[Data excerpt — start]

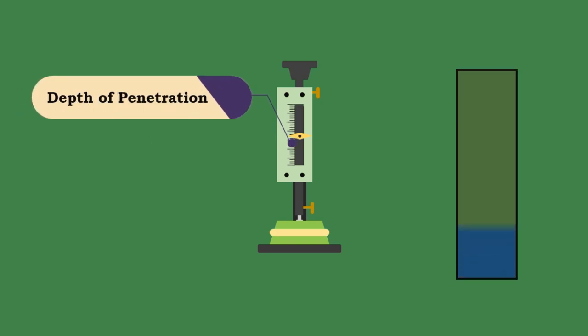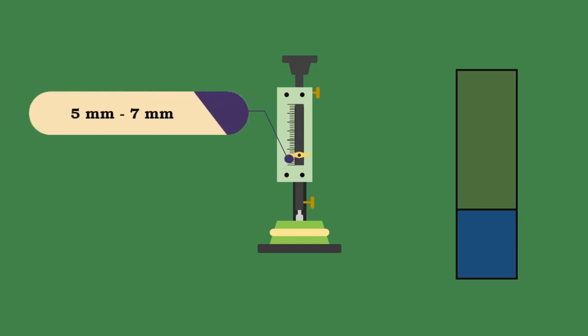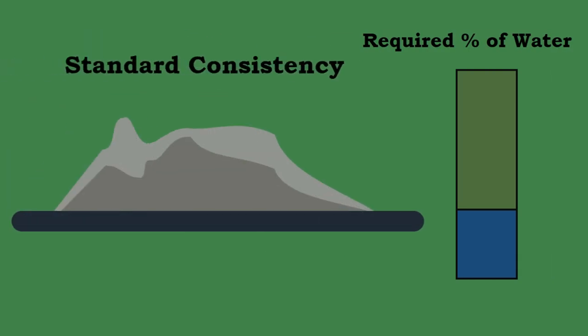Similarly, conduct continuous trials with a higher percentage of water until the plunger penetrates up to 5 to 7 millimeters from the bottom. The current percentage of water is the required percentage of water to produce a cement paste of standard consistency.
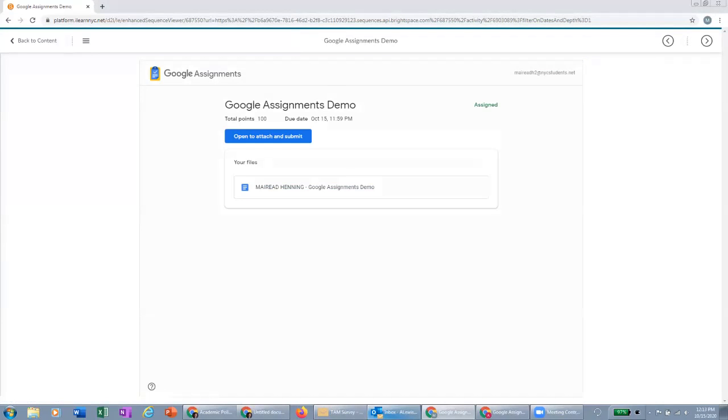Going forward, they won't have to link their account, but they will have to make sure that they're signed in with the correct Google account.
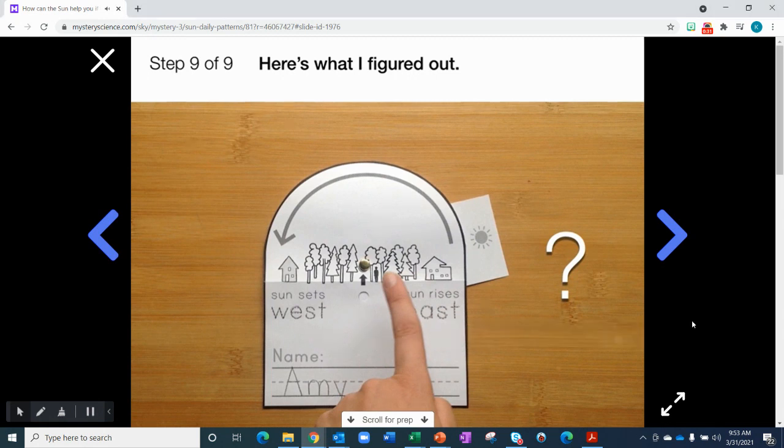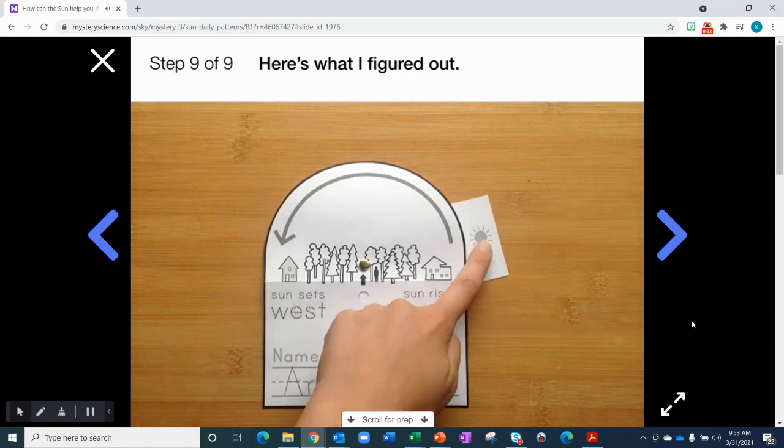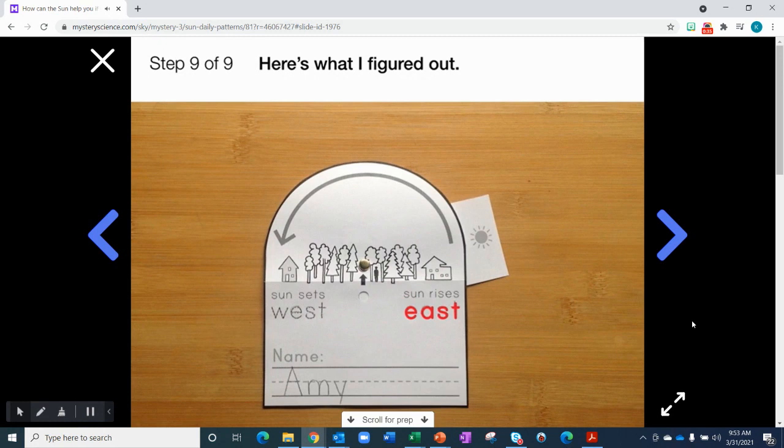Well, in the morning, the Sun comes up over here in the east. It's the same direction as my friend's house.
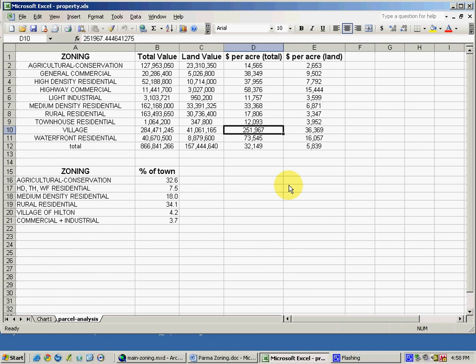I hope that this demonstration not only illustrated the zoning data set that's available, but also how a geographic information system might be used to ask questions about the town. And hopefully it will help you to think of new questions at some point down the road that can be answered using GIS.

[Data excerpt — finish]

**To do**
Reproduce exactly the lines from the one with "Well, in the" to the bottom of the listing, both ends included, and nothing else. Skip the pictures.

**Task answer**
Well, in the morning, the Sun comes up over here in the east. It's the same direction as my friend's house.
I hope that this demonstration not only illustrated the zoning data set that's available, but also how a geographic information system might be used to ask questions about the town. And hopefully it will help you to think of new questions at some point down the road that can be answered using GIS.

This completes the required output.